Top-Ranked Penn State Gets Lucky Two Fourth-Quarter Tds Allow Nittany Lions To Escape With Win

George Dohrmann Saint Paul Pioneer Press

The room went silent. Tearful eyes all looked to the door. Into the Minnesota locker room walked Penn State football coach Joe Paterno.

Paterno walked from one side of the room to the other. He stayed only a few minutes. He said four words.

“You should have won.”

First to the Gophers’ offense, then to the defense.

“You should have won.”

A man of class will admit when he is beaten, and that was what Paterno had come to do. Saturday at Beaver Stadium, his Nittany Lions, the No. 1-ranked team in the nation, escaped the Gophers 16-15.

Paterno said what the score didn’t.

“They had every right to win it,” he said after speaking to the Minnesota players. “They outplayed us. They outcoached us.

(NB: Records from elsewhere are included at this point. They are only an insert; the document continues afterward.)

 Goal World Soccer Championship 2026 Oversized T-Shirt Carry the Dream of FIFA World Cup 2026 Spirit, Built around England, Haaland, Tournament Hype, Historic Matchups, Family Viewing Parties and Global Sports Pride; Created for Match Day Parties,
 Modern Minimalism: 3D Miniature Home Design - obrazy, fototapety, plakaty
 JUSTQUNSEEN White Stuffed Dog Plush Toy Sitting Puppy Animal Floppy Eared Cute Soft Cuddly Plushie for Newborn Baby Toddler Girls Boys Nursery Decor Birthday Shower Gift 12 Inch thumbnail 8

It’s a shame they lost that football game.”

And how did Minnesota lose?

“We just outlucked them.”

Luck.

The team that was supposed to be five touchdowns better than Minnesota got the last of the luck. A penalty in the fourth quarter, a fumble not long after. Both led to the game’s only touchdowns. Both on runs by Curtis Enis. Both when Penn State had to have them.

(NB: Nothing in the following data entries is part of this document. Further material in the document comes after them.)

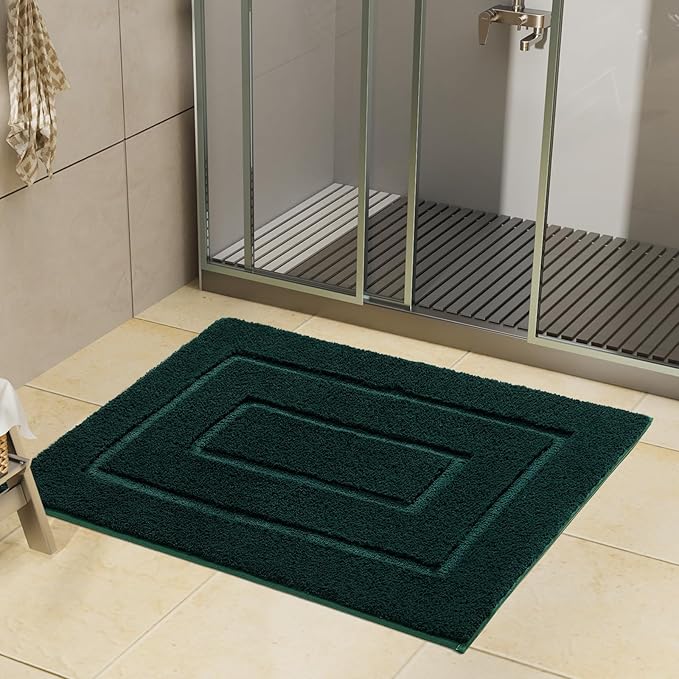 HOMORE Bathroom Runner Rug 24x36 Inch Bathroom Runner Rugs Non Slip Washable Bath Rug, Soft and Absorbent Bath Mat, Plush Bath Rugs and Mat for Shower Floor,Hunter Green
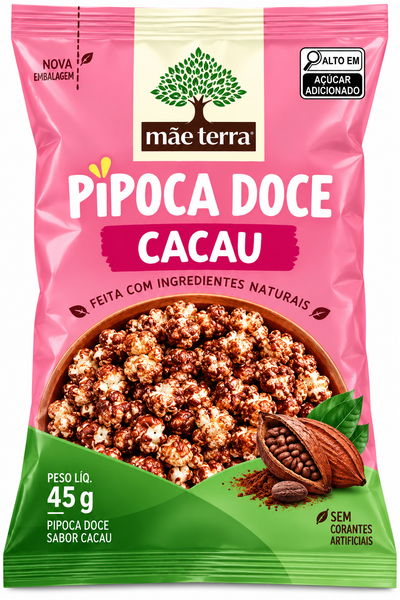 PIPOCA DOCE CACAU ORGANICO MAE TERRA 45G 18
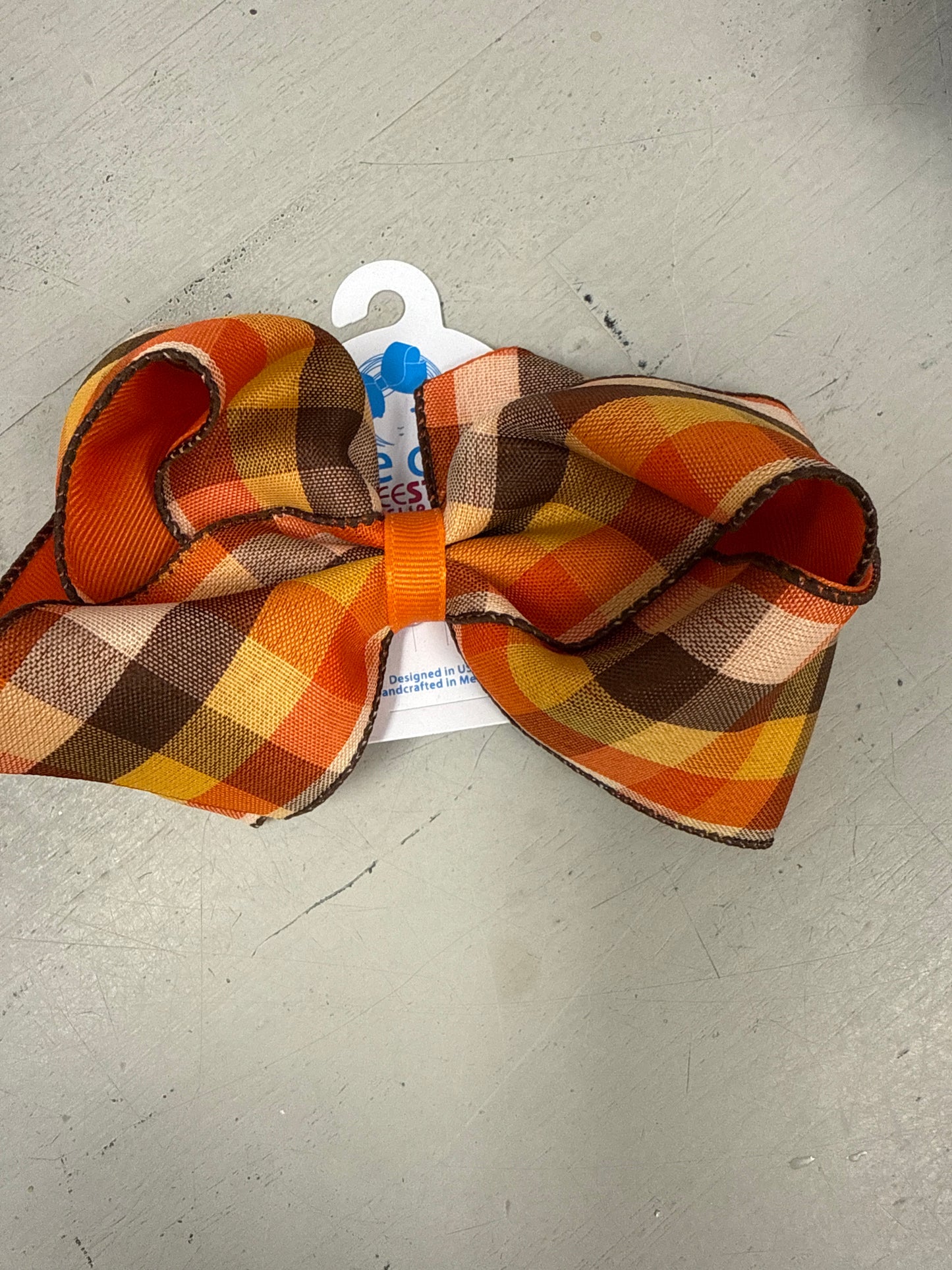 HARVEST ORANGE/BROWN PLAID BOW - ASSORTED SIZES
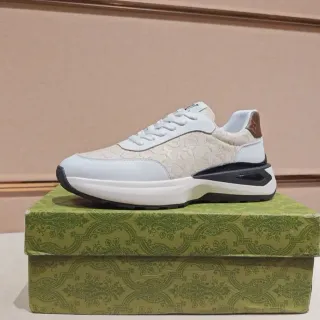 Louis Vuitton Beige White Monogrammed Textile Upper Leather Overlays Lifestyle Sneakers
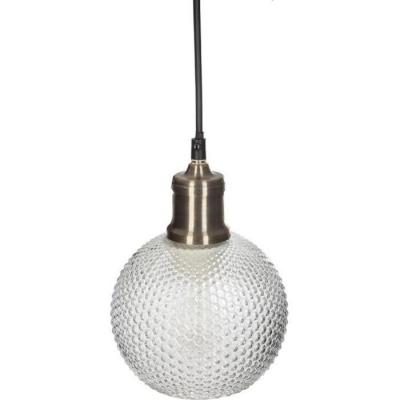 ATMOSPHERA CREATEUR D INTERIEUR Suspension boule en verre stri&eacute;&nbsp;- &Oslash; 15 x H 19 cm - Transparent
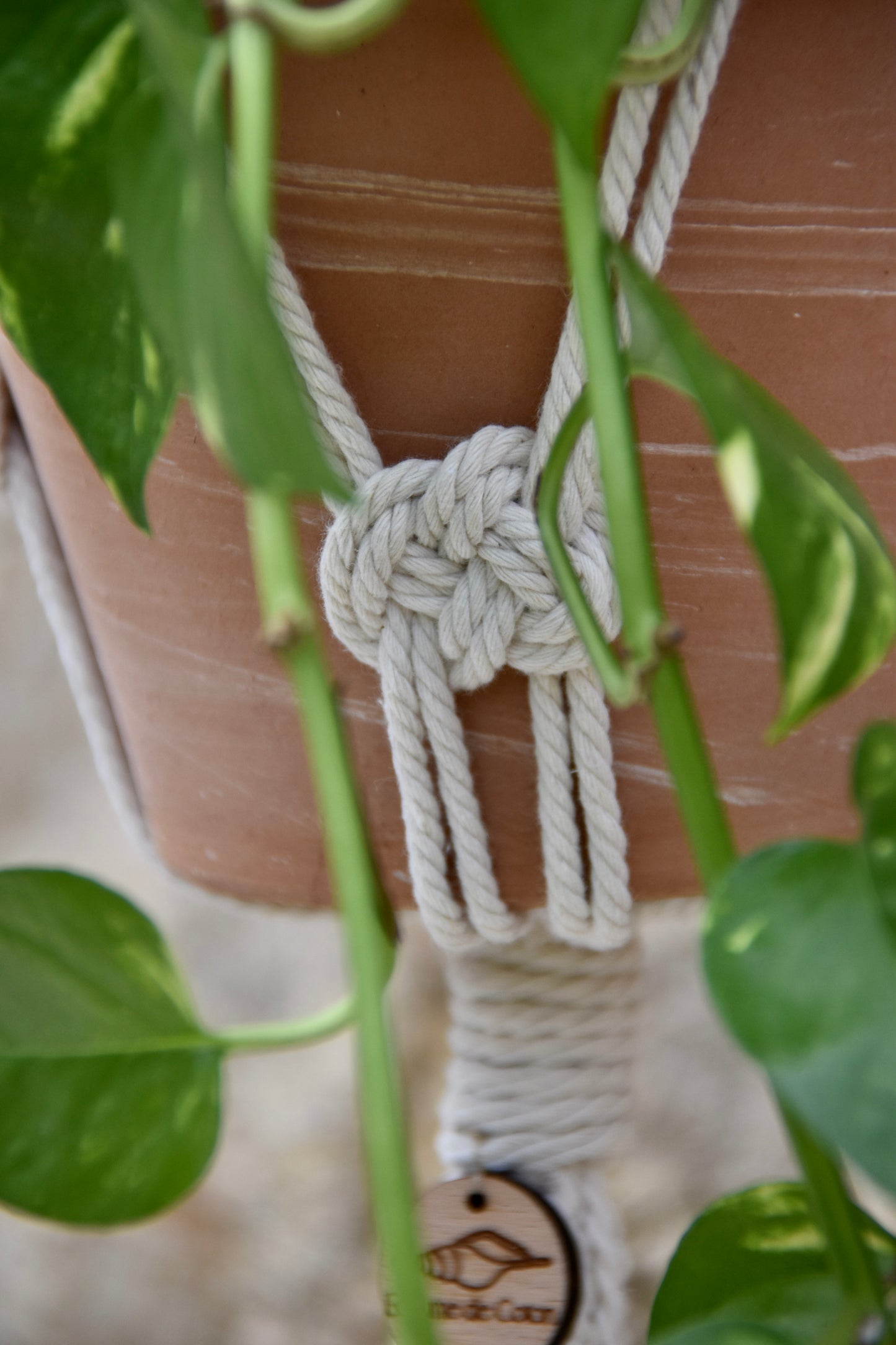 Suspension en macramé pour plantes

“This game,” Lions linebacker Jim Nelson said, “was like a gift from God.”

A gift was not what 96,953 in attendance expected. Not what Penn State (6-0, 3-0 Big Ten) planned for its homecoming. But Minnesota coach Glen Mason changed everything when he turned his players loose by asking them before the game: “What is the worst that can happen?”

Minnesota, a 34-point underdog, played with reckless abandon. The Gophers (2-5, 0-3) led all but the final 4 minutes, and led 15-3 near the start of the fourth quarter on Adam Bailey’s fifth field goal.

The end - the score that won the game - was a 10-yard sweep by Enis with 3:59 to play. But the true end came a play earlier, when Thomas Hamner fumbled on the first play of a possession with the Gophers leading 15-10.

The Gophers lasted until the end because of Bailey, who kicked field goals of 52, 23, 32, 50 and 33 yards, breaking the Minnesota record and tying the modern-day Big Ten mark for a field goals in a game.